RET 6/5/1/256 - 6/5/127 are in this format. Within the volumes patients' notes are bound in alphabetical order. The Retreat converted to the modern system of individual patients' case folders in 1935. RET 6/5/4 are case note folders for the period c 1924 onwards (there was an overlap in the dates during which the Retreat converted from case books to case folders).
Notes for patients resident at Throxenby Hall (leased by the Retreat between 1903 and 1924, see RET 7/3) are included in the later volumes of case books although there are also some separate notes for Throxenby Hall patients at RET 7/3/5. There are also some separate notes for patients at Millfield, another Retreat annexe at Hull Road, York, at RET 7/2/41.
Admission papers for patients in the case books up to c 1900 can be found at RET 6/1. Admission papers, nursing notes etc for patients after c 1900 can be found, along with correspondence, in the patients’ correspondence files (RET 6/20).
Dr Bedford Pierce and succeeding Retreat psychiatrists also saw, as independent consultants, their own private patients in consulting rooms at Leeds, at the Retreat, and elsewhere. Case books and/or correspondence relating to psychiatrists' private consulting practice is at RET 8/4.
Internal Arrangement of the Case Books
Although most of the series of case books is arranged in chronological order by date of admission, the sequence within a volume is often interrupted by the insertion of 'continuation notes' on patients with earlier admission dates/patient numbers. This is because when the set number of pages originally allotted for a patient's notes ran out, these notes were either continued on the next available blank page, or were sometimes continued at the back of the book, or were sometimes slotted into any available blank space at the end of other completed patients' entries. Notes of very long stay patients might in this way run from volume to volume, sometimes being included in several books (cross references are generally given). Once case notes began to be kept in loose leaf form and bound into volumes after the patient had died or left, this problem of keeping patients' notes together was largely overcome.

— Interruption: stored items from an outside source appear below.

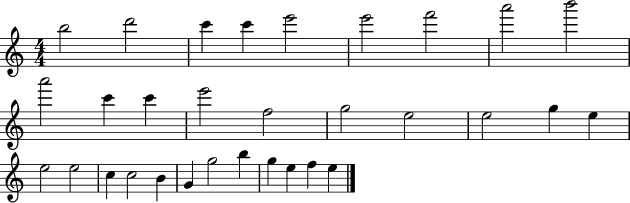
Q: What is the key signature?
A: C major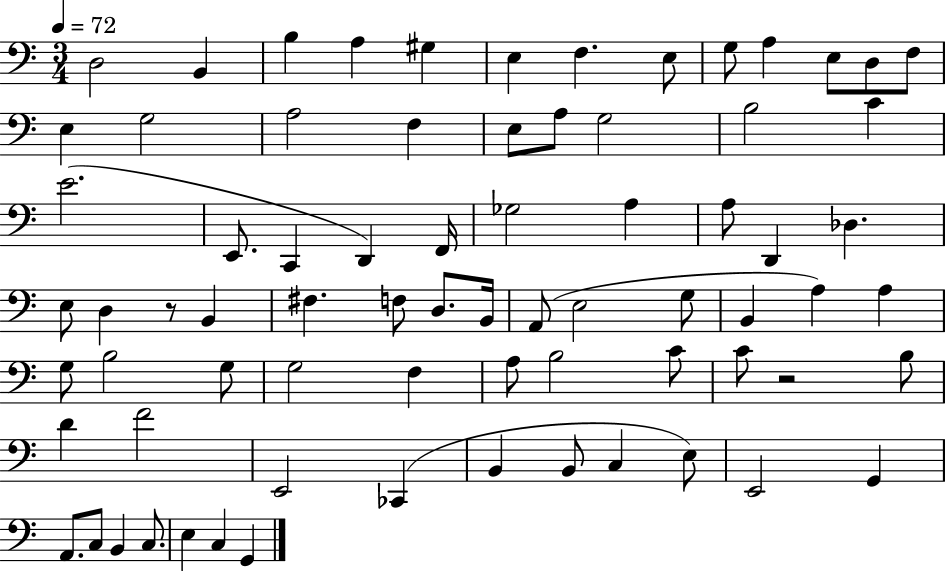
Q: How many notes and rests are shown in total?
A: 74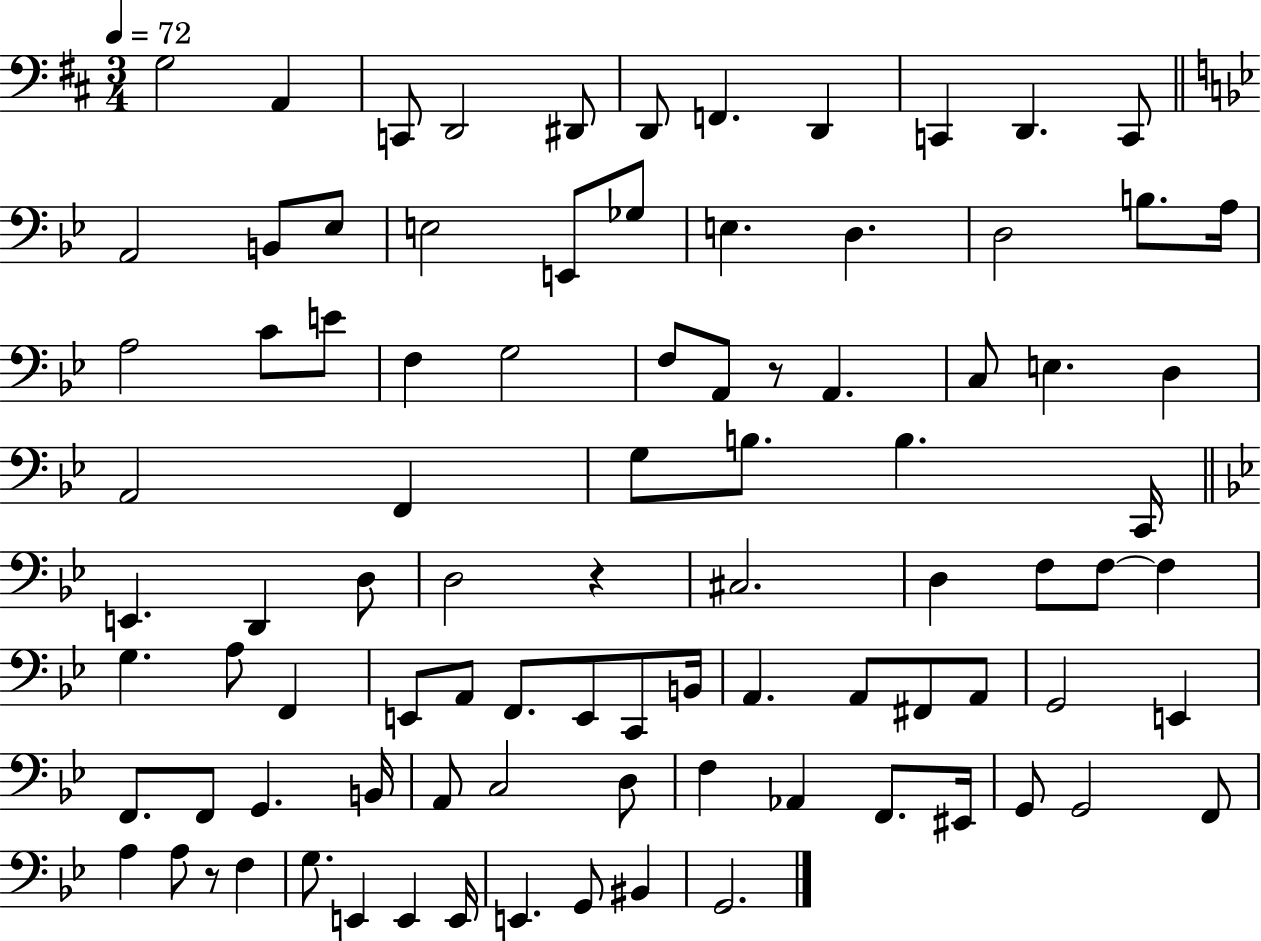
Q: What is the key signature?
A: D major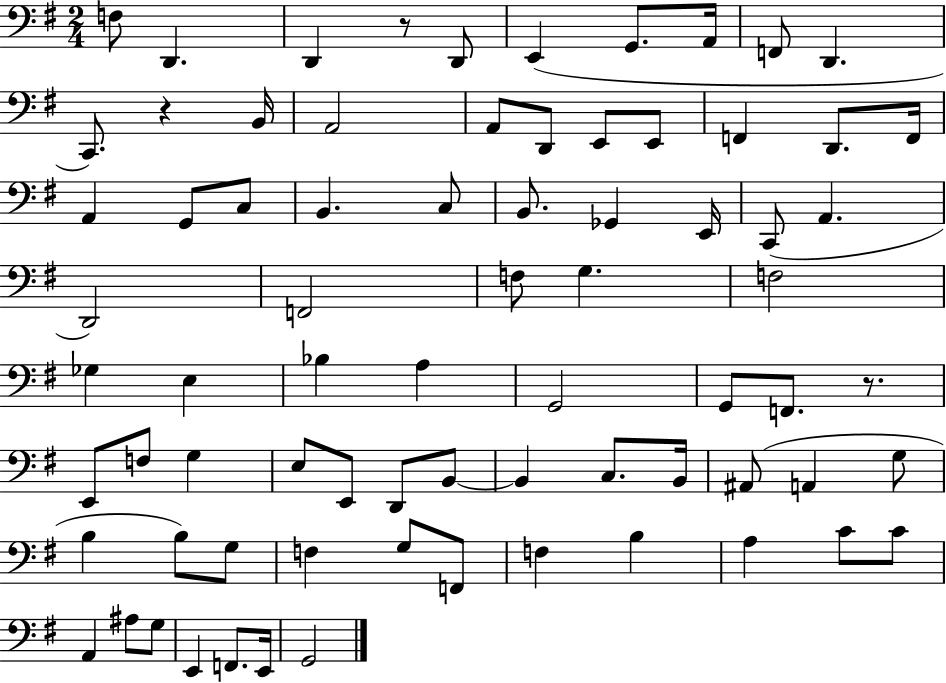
F3/e D2/q. D2/q R/e D2/e E2/q G2/e. A2/s F2/e D2/q. C2/e. R/q B2/s A2/h A2/e D2/e E2/e E2/e F2/q D2/e. F2/s A2/q G2/e C3/e B2/q. C3/e B2/e. Gb2/q E2/s C2/e A2/q. D2/h F2/h F3/e G3/q. F3/h Gb3/q E3/q Bb3/q A3/q G2/h G2/e F2/e. R/e. E2/e F3/e G3/q E3/e E2/e D2/e B2/e B2/q C3/e. B2/s A#2/e A2/q G3/e B3/q B3/e G3/e F3/q G3/e F2/e F3/q B3/q A3/q C4/e C4/e A2/q A#3/e G3/e E2/q F2/e. E2/s G2/h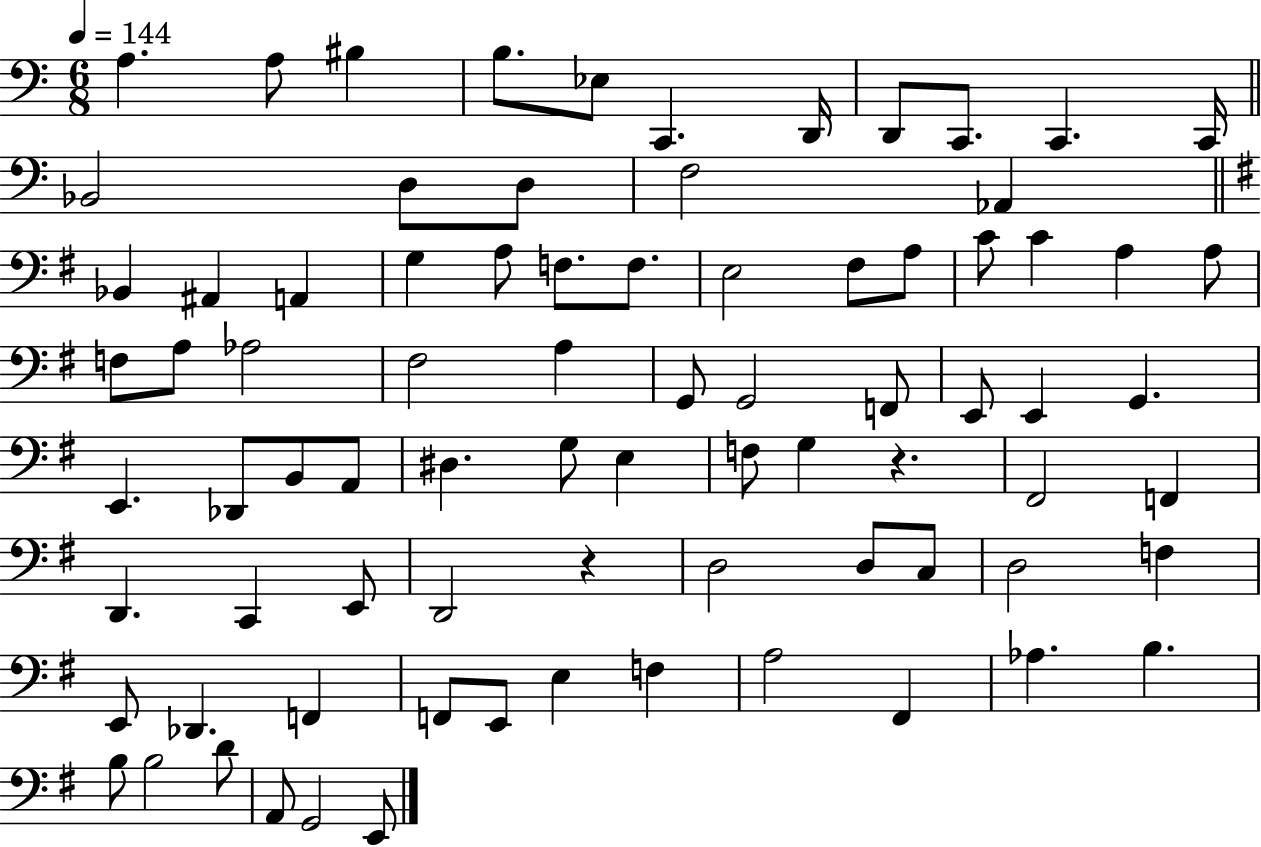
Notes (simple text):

A3/q. A3/e BIS3/q B3/e. Eb3/e C2/q. D2/s D2/e C2/e. C2/q. C2/s Bb2/h D3/e D3/e F3/h Ab2/q Bb2/q A#2/q A2/q G3/q A3/e F3/e. F3/e. E3/h F#3/e A3/e C4/e C4/q A3/q A3/e F3/e A3/e Ab3/h F#3/h A3/q G2/e G2/h F2/e E2/e E2/q G2/q. E2/q. Db2/e B2/e A2/e D#3/q. G3/e E3/q F3/e G3/q R/q. F#2/h F2/q D2/q. C2/q E2/e D2/h R/q D3/h D3/e C3/e D3/h F3/q E2/e Db2/q. F2/q F2/e E2/e E3/q F3/q A3/h F#2/q Ab3/q. B3/q. B3/e B3/h D4/e A2/e G2/h E2/e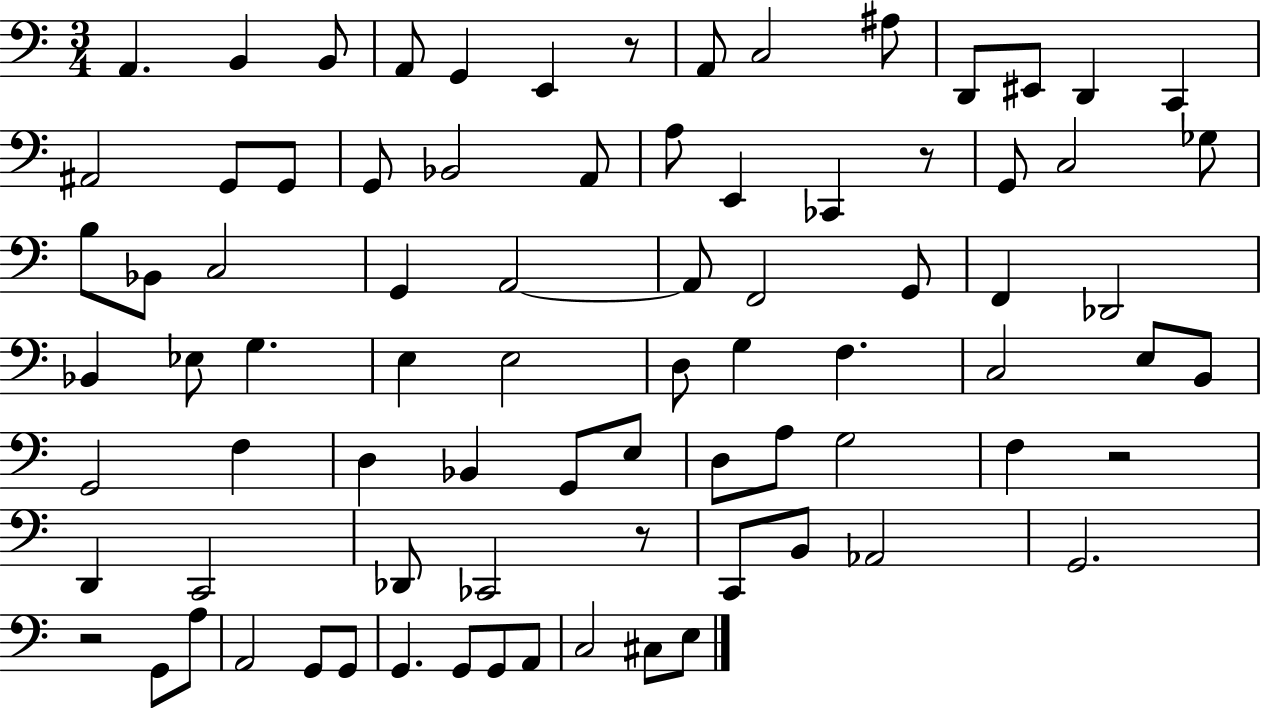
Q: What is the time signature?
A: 3/4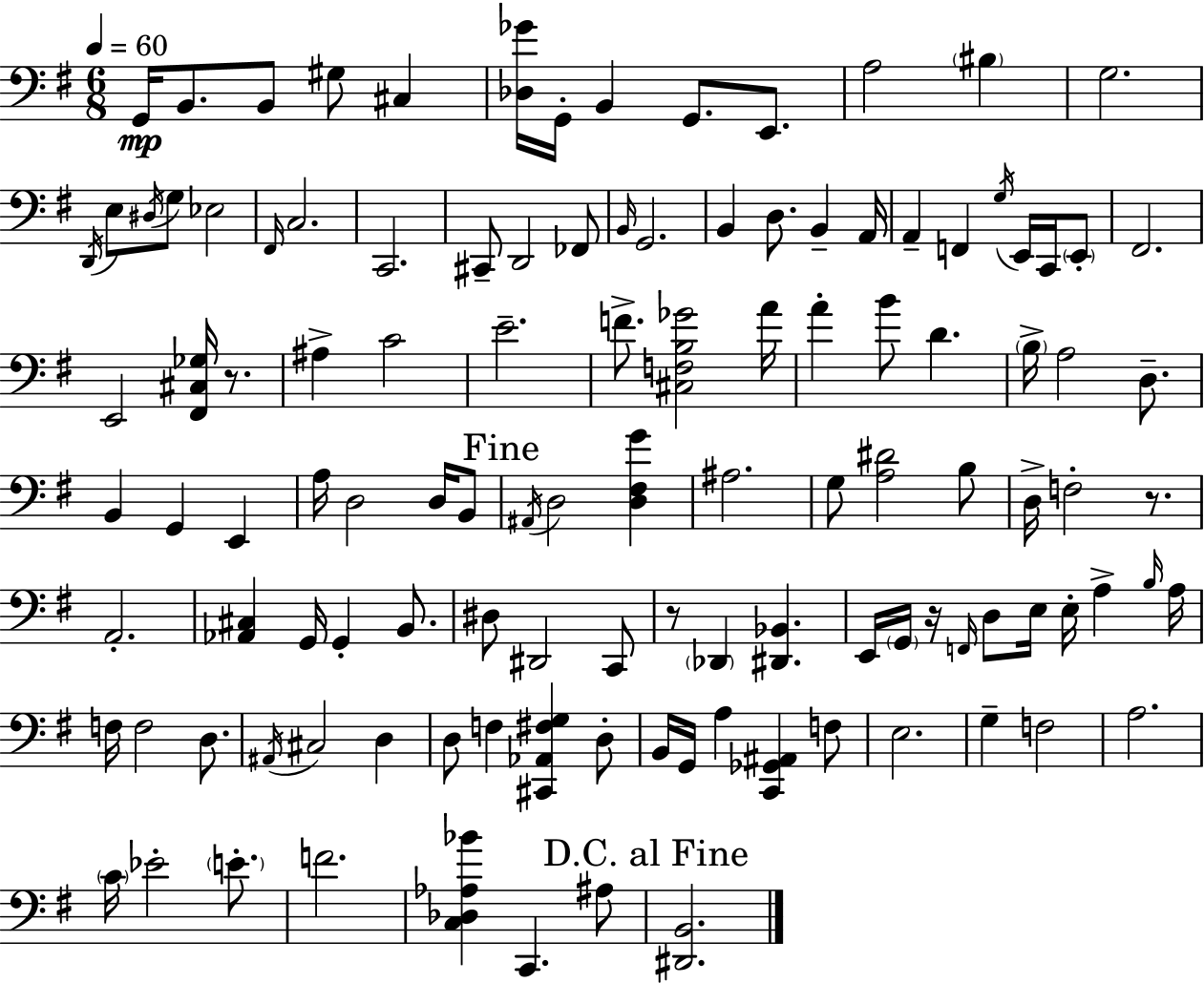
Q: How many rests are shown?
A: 4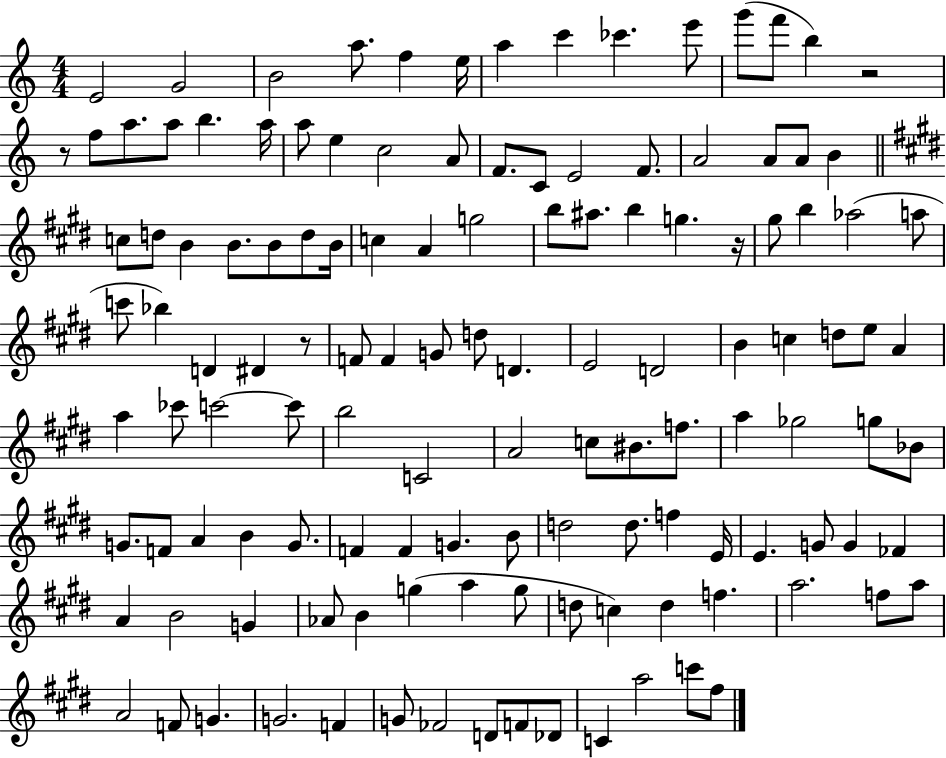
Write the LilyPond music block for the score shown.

{
  \clef treble
  \numericTimeSignature
  \time 4/4
  \key c \major
  \repeat volta 2 { e'2 g'2 | b'2 a''8. f''4 e''16 | a''4 c'''4 ces'''4. e'''8 | g'''8( f'''8 b''4) r2 | \break r8 f''8 a''8. a''8 b''4. a''16 | a''8 e''4 c''2 a'8 | f'8. c'8 e'2 f'8. | a'2 a'8 a'8 b'4 | \break \bar "||" \break \key e \major c''8 d''8 b'4 b'8. b'8 d''8 b'16 | c''4 a'4 g''2 | b''8 ais''8. b''4 g''4. r16 | gis''8 b''4 aes''2( a''8 | \break c'''8 bes''4) d'4 dis'4 r8 | f'8 f'4 g'8 d''8 d'4. | e'2 d'2 | b'4 c''4 d''8 e''8 a'4 | \break a''4 ces'''8 c'''2~~ c'''8 | b''2 c'2 | a'2 c''8 bis'8. f''8. | a''4 ges''2 g''8 bes'8 | \break g'8. f'8 a'4 b'4 g'8. | f'4 f'4 g'4. b'8 | d''2 d''8. f''4 e'16 | e'4. g'8 g'4 fes'4 | \break a'4 b'2 g'4 | aes'8 b'4 g''4( a''4 g''8 | d''8 c''4) d''4 f''4. | a''2. f''8 a''8 | \break a'2 f'8 g'4. | g'2. f'4 | g'8 fes'2 d'8 f'8 des'8 | c'4 a''2 c'''8 fis''8 | \break } \bar "|."
}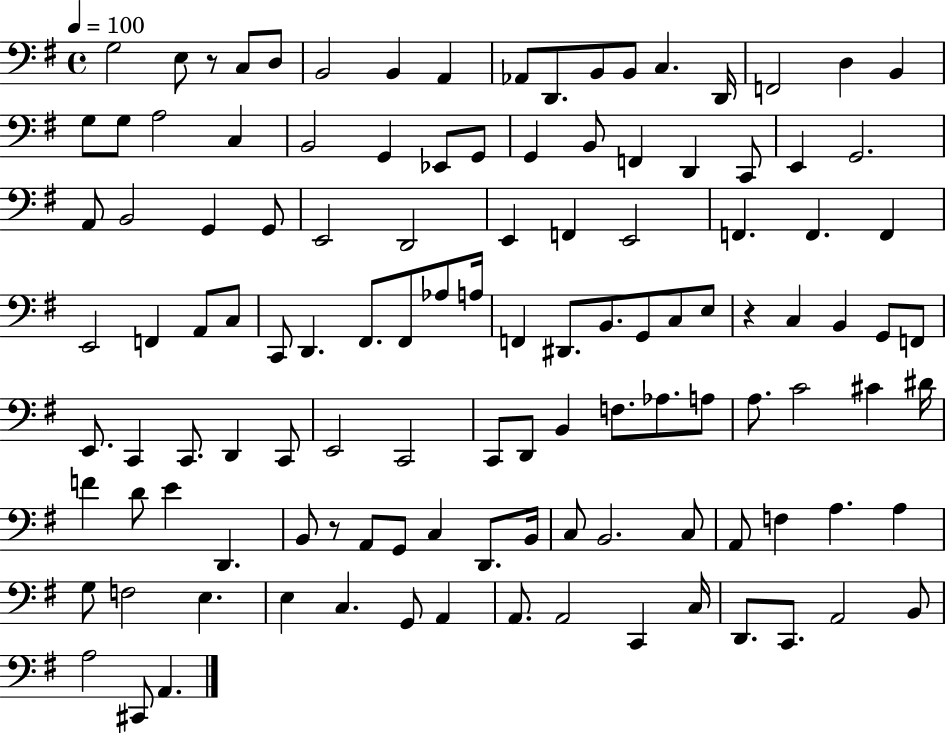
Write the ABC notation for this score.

X:1
T:Untitled
M:4/4
L:1/4
K:G
G,2 E,/2 z/2 C,/2 D,/2 B,,2 B,, A,, _A,,/2 D,,/2 B,,/2 B,,/2 C, D,,/4 F,,2 D, B,, G,/2 G,/2 A,2 C, B,,2 G,, _E,,/2 G,,/2 G,, B,,/2 F,, D,, C,,/2 E,, G,,2 A,,/2 B,,2 G,, G,,/2 E,,2 D,,2 E,, F,, E,,2 F,, F,, F,, E,,2 F,, A,,/2 C,/2 C,,/2 D,, ^F,,/2 ^F,,/2 _A,/2 A,/4 F,, ^D,,/2 B,,/2 G,,/2 C,/2 E,/2 z C, B,, G,,/2 F,,/2 E,,/2 C,, C,,/2 D,, C,,/2 E,,2 C,,2 C,,/2 D,,/2 B,, F,/2 _A,/2 A,/2 A,/2 C2 ^C ^D/4 F D/2 E D,, B,,/2 z/2 A,,/2 G,,/2 C, D,,/2 B,,/4 C,/2 B,,2 C,/2 A,,/2 F, A, A, G,/2 F,2 E, E, C, G,,/2 A,, A,,/2 A,,2 C,, C,/4 D,,/2 C,,/2 A,,2 B,,/2 A,2 ^C,,/2 A,,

Sometimes the notes of patients who were being admitted for a second or subsequent time were written in after the end of the notes of their first or earlier admission, even though the patient was allotted a new admission number. (The admission register will note whether an admission was a first or subsequent one). This practice accounts for some of the apparent gaps in the chronological and patient numbering sequence in the case books (but some of the gaps in numbering is due to the erratic entry of notes into the case books during the period c. 1855 - 1873 - see note on chronological arrangement of case books above).
While the page numbers of the entries in Case Book 1 (RET 6/5/1/1A) are cross referenced from the first admission register, RET 6/2/1/1, subsequent admission registers do not reference case book page numbers.
Finding the Case Notes of Patients
Name of patient, patient reference number and date of admission (of first admission, if admitted more than once) should all be noted from the admission registers, and should be sufficient to track the entry or entries in the case books
Finding the case notes of individual patients within the volumes is helped considerably by the fact that each volume contains a name index at the front - this can occasionally be unreliable.
There are also consolidated index volumes to the case books, covering patients in case books 1 - 23. These are listed at RET 6/5/3

Access Information

Access to some material is restricted under data protection laws. Restricted items are at RET 6/5/1/23, 6/5/1/24, 6/5/1/24A, 6/5/1/25, 6/5/1/26, 6/5/1/27, RET 6/5/2/2, RET 6/5/4, and RET 6/5/5.